-------- Exercise inputs
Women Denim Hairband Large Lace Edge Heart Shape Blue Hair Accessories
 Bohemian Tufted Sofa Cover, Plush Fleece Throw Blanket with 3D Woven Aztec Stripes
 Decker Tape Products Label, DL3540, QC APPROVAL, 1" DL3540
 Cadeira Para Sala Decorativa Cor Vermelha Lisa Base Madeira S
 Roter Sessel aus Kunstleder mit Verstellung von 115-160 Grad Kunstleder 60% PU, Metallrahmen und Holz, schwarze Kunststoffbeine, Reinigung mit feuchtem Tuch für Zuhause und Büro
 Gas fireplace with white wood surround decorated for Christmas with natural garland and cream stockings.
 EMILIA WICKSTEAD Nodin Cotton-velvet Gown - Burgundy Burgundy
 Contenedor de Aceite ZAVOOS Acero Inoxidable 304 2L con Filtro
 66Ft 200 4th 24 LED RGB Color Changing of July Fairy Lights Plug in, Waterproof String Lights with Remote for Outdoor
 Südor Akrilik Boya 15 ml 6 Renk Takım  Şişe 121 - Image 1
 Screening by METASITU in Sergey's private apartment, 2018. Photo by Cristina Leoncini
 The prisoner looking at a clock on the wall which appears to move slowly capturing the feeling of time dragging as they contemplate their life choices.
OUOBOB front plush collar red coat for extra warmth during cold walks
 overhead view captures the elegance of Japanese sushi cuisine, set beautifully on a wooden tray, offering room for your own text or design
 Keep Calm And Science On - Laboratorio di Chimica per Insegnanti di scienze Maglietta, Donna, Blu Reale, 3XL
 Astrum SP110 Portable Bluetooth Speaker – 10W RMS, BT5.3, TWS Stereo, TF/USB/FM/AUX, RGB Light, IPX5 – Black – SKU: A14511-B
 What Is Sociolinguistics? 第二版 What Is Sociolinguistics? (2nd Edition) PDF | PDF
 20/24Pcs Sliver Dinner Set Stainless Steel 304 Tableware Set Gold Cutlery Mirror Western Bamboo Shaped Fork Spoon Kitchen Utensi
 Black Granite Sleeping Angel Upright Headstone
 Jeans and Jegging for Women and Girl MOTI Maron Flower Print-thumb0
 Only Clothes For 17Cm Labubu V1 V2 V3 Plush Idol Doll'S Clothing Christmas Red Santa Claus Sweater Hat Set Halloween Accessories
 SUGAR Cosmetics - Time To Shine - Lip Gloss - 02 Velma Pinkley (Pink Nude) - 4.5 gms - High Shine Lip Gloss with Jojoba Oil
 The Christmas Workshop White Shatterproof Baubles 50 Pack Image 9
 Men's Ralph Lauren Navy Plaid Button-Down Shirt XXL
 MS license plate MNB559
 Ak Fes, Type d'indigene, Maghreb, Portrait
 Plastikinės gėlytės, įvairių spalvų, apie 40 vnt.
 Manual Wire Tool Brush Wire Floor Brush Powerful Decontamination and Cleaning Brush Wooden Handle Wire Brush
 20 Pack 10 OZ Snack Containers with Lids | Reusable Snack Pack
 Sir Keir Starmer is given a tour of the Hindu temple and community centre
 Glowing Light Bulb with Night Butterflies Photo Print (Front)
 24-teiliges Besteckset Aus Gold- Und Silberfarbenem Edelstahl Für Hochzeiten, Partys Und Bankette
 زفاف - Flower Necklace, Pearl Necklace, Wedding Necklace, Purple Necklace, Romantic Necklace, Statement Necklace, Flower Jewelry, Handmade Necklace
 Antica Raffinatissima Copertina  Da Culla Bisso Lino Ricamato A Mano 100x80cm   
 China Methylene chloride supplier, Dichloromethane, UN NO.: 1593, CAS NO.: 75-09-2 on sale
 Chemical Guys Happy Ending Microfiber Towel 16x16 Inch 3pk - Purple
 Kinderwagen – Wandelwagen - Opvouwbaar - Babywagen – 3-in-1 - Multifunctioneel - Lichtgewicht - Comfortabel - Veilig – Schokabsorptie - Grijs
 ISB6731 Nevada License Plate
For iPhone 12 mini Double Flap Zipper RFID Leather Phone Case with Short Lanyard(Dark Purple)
----------------
» Work to complete:
Given the data above, transcribe exactly the lines from the one containing "Plastikinės gėlytės, įvairių" down to the one containing "Sir Keir Starmer", and no others.

» Response to this exercise:
 Plastikinės gėlytės, įvairių spalvų, apie 40 vnt.
 Manual Wire Tool Brush Wire Floor Brush Powerful Decontamination and Cleaning Brush Wooden Handle Wire Brush
 20 Pack 10 OZ Snack Containers with Lids | Reusable Snack Pack
 Sir Keir Starmer is given a tour of the Hindu temple and community centre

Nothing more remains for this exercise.